The All Children - All Families Benchmarks of LGBTQ Inclusion focus on two key components of LGBTQ-inclusive parent preparation training: 1) ensure trainers have the expertise to welcome LGBTQ foster adoptive parents and 2) adequately preparing all resource parents to be LGBTQ affirming is reviewing and updating parent preparation training activities to ensure LGBTQ inclusion.

All parent preparation training delivered by or required by agencies should be inclusive of both LGBTQ parents that may be in the room and content specific to the needs of LGBTQ youth in care (as applicable to the work of your agency. All agencies, even if they do not provide placement services, must provide LGBTQ-inclusive and supportive information or services to the families they serve.

How to Ensure Trainer Expertise

It’s imperative that all trainers be skilled in creating a safe and affirming atmosphere for LGBTQ prospective parents and discuss content specific to LGBTQ youth in care. Trainers should receive guidance that includes:

  • The agency’s relevant policies and mission statements re: LGBTQ inclusion and non-discrimination.
  • Tips for creating an LGBTQ-friendly environment.
  • Instructions for how to address any direct or indirect homo/bi/transphobic remarks that come up in the class. This includes setting the expectation that any negative remarks should not go unaddressed and the person making the remarks should be held accountable.
  • Information for the trainer on how to best support families targeted by negative remarks.

LGBTQ-Inclusive Content

Training should meet the following goals:

  • Be inclusive of LGBTQ-headed families as examples of families your agency works with throughout the training. This may also include:
    • Information on relevant laws affecting LGBTQ foster and adoptive parents
    • LGBTQ community references and family groups for social/community connection
    • Matching LGBTQ families with staff who have proven experience working with LGBTQ families
  • Discuss LGBTQ youth specifically when covering the diverse population of youth represented in foster care
  • Educate prospective resource parents on the importance of LGBTQ affirming behaviors, the harm that rejection causes, and concrete examples of how to support and affirm LGBTQ youth in their homes. Note that not all children and youth feel safe disclosing their sexual orientation, gender identity or gender expression (SOGIE) or they may not even be aware of their SOGIE at the time of placement. Therefore, it is possible that any child or youth that a parent adopts or fosters, could ultimately “come out” one day.
  • Provide opportunities to practice using LGBTQ-inclusive language and build skills for talking about sexual orientation, gender identity and expression comfortably
  • Include images, exercises, and examples that are representative of the full diversity of the LGBTQ community (i.e. race, socioeconomic status, ethnicity, physical ability, etc.)

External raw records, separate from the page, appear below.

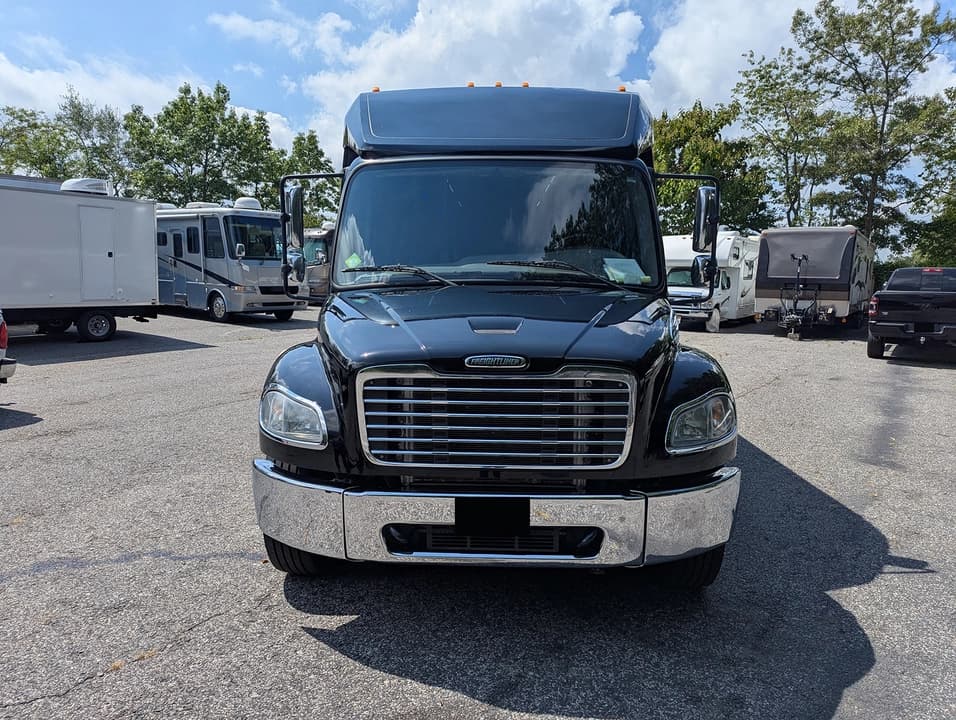 2019 Grech GM40 Executive Shuttle - Image 3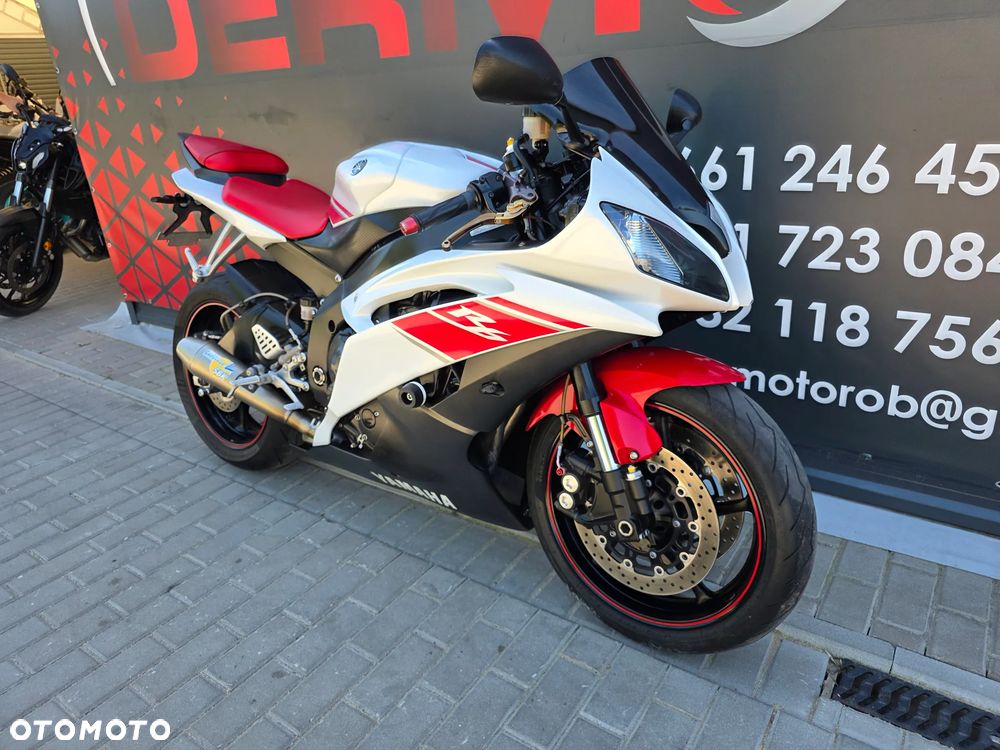 Yamaha R6 - 34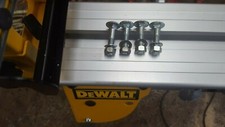 Set DeWalt mounting bracket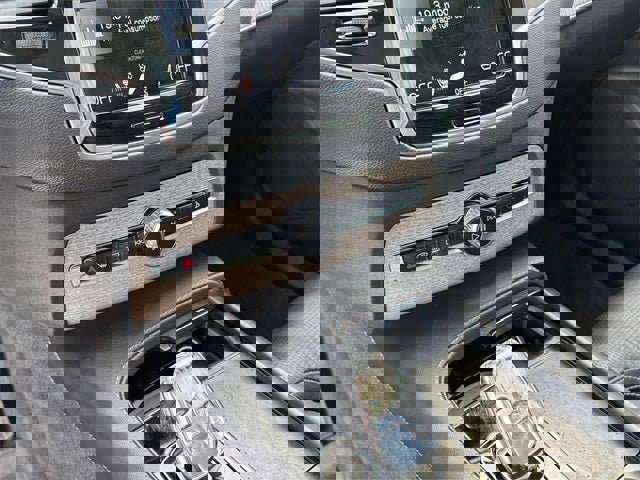 Used 2021 Volvo XC90 T8 Inscription w/ Advanced Package image 23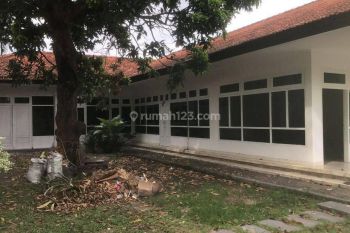 Disewakan Rumah dengan halaman luas dekat by pass Sanur Bali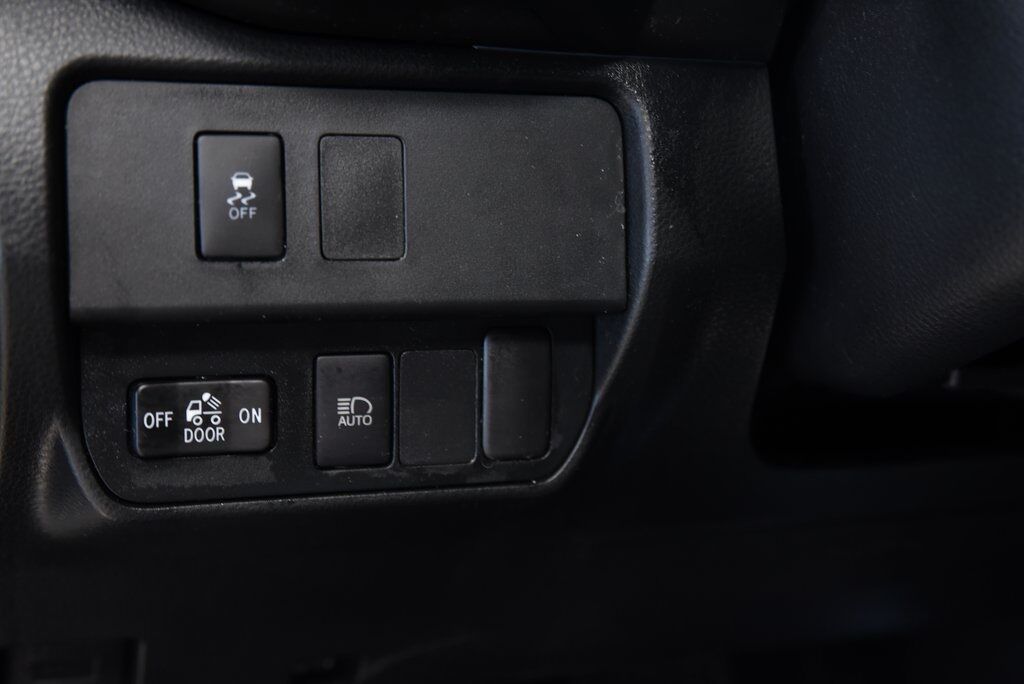2022 Toyota Tacoma SR Akron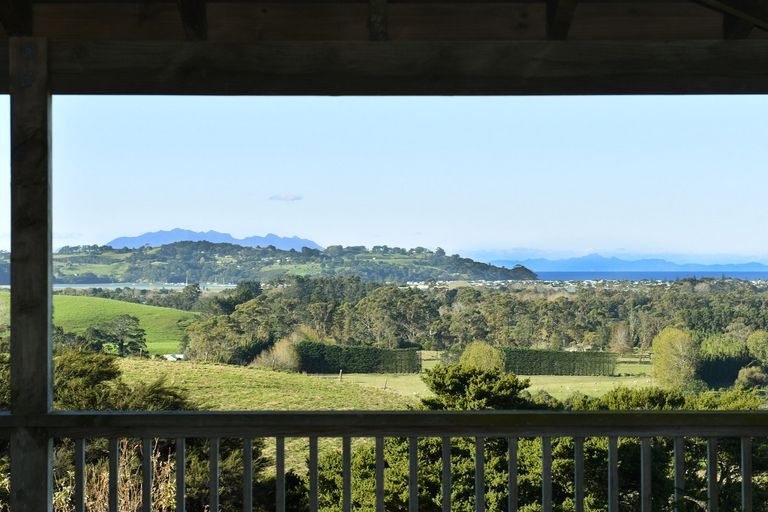 Photo of property in 1066 Leigh Road, Matakana, Warkworth, 0985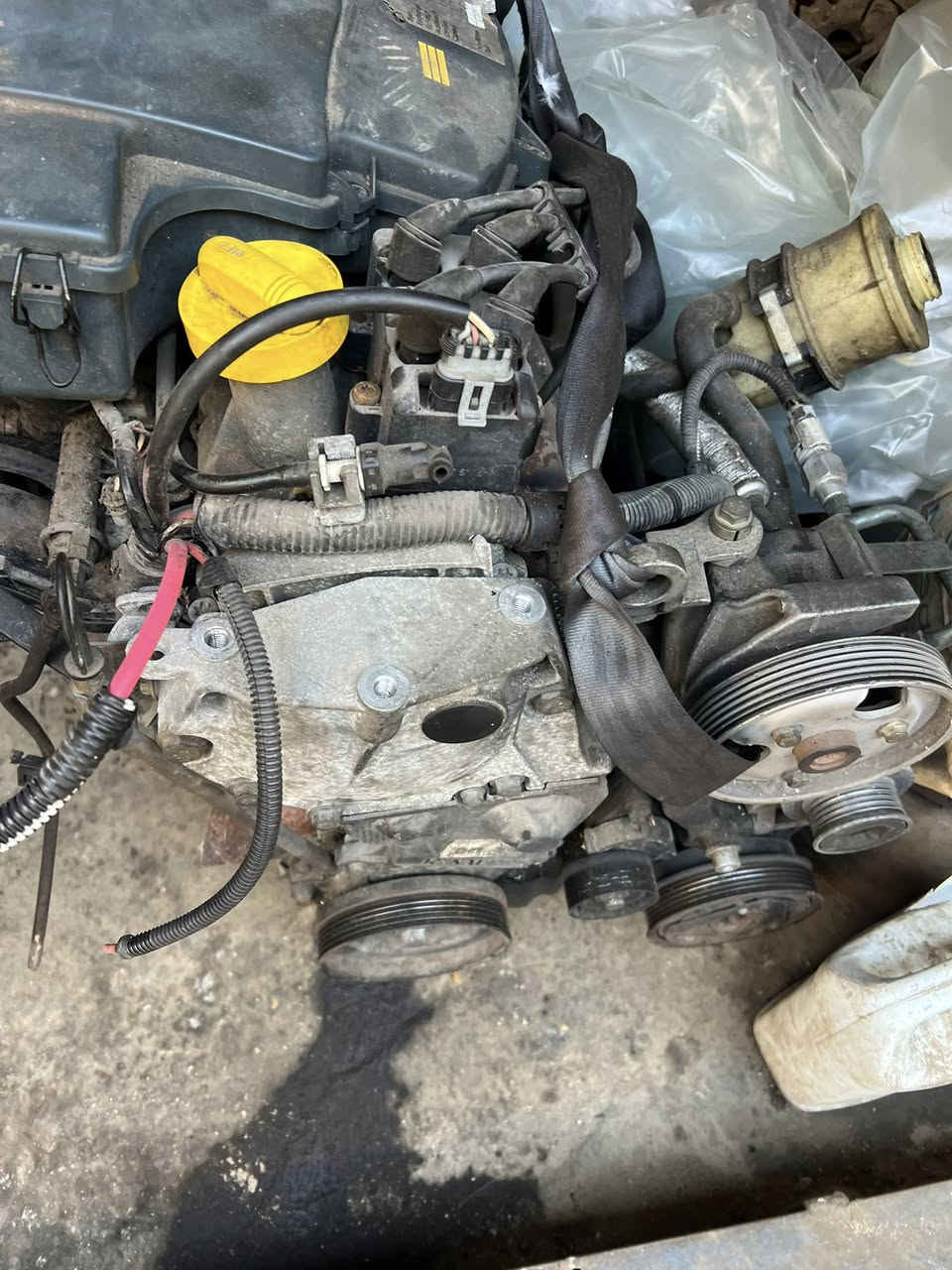 للبيع مكاني نجف مال حاويه ***********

Examples of LGBTQ-inclusive content to include:

  • Sample exercises that use LGBTQ families as the focus.
  • Sample exercises that use LGBTQ youth in care as the focus.
  • Stories that share the experiences of LGBTQ youth in care.
  • Stories that share the experiences of LGBTQ families.
  • Instructions for organizing an LGBTQ parent panel.

Additional Best Practices

  • Consider organizing an LGBTQ foster/adoptive parent panel to be included in the parent preparation training.
  • If your agency uses one of the common parent preparation programs such as Model Approach to Partnerships in Parenting (MAPP) and Parent Resources for Information, Development, and Education (PRIDE), you can alter the language and exercises to include LGBTQ families and youth.
  • If you outsource the parent training, check in with the trainers to ensure that they have a policy of inclusion and are prepared to provide LGBTQ inclusive training.
  • Be mindful not to conflate sexual orientation, gender identity and gender expression. Examples, images, and exercises should reflect lesbian, gay, bisexual, transgender, and queer families (rather than only lesbian and gay families).
  • Pay special attention to where you place LGBTQ-inclusive content. It should not be limited to just one slide or one particular section of the presentation. Look for opportunities to be LGBTQ-inclusive throughout the presentation such as when discussing adoption/foster care statistics or other types of prospective families like trans-racial families.
  • Consider using videos as an effective medium to share LGBTQ-inclusive stories during training sessions.